# More grouse



## gregkdc (May 19, 2008)

Finally some grouse success! I went with a couple of my brothers in southern utah county and my brother's dog made all the difference in the world. Also we noticed that many people say they see grouse when they go elk hunting so we decided to go to a place that is known to have elk and it worked. In total we saw six birds (2 blues, 4 ruffs) and of those we shot 2 ruffs and one blue. The birds seemed to be concentrated on a single ridge and couldn't be found anywhere else.
This is the ridge they where on, we found them on top in the really thick growth. 
[attachment=2:3rnyvebi]Photo0046.jpg[/attachment:3rnyvebi]
Also they birds always seem to be in the same type of habitat, what are these bushes?
[attachment=1:3rnyvebi]Photo0048.jpg[/attachment:3rnyvebi]
I forgot to take some pictures of the birds until after I cleaned them. Here are my quests waiting for dinner.
[attachment=0:3rnyvebi]Photo0050.jpg[/attachment:3rnyvebi]


----------



## StillAboveGround (Aug 20, 2011)

Hard to tell for sure from pic, but your bushes might be choke cherry...
Nice looking grouse in the pot!


----------



## gregkdc (May 19, 2008)

Thanks! The picture isn't the best but thats the best my phone can do. I ask becuase everytime we find ruffs and sometimes blues they are in these bushes.


----------



## Critter (Mar 20, 2010)

The bushes could be rose hips.


----------



## sittingbull (Feb 1, 2008)

I think it is Alder Buckthorn.


----------



## FC2Tuber (Oct 26, 2007)

I find most of my grouse in those bushes as well.


----------



## stimmie78 (Dec 8, 2007)

I find most of my grouse in my sights... 

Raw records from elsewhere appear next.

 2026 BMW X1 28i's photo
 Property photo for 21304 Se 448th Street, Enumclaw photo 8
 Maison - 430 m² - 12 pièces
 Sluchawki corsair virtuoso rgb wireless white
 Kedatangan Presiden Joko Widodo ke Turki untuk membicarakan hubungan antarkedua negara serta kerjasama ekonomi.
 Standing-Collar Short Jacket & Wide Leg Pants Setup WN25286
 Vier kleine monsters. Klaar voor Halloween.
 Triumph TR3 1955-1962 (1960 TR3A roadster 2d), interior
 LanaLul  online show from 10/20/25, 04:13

but actually I find them on old logging roads in a mix of quakies and pines..


----------



## guner (Sep 25, 2007)

:shock: Hey stimmie !
That is where I find my pine hens to !....... why dont you give me the coordinates and I will see if it's the same place


----------



## ddhunter (Jul 17, 2011)

I checked the crop of the birds I shot this morning and I would say there is a good reason that you find all your birds in those bushes. The berry that grows on them is the only thing in the crops of the birds, not even any other seeds.


----------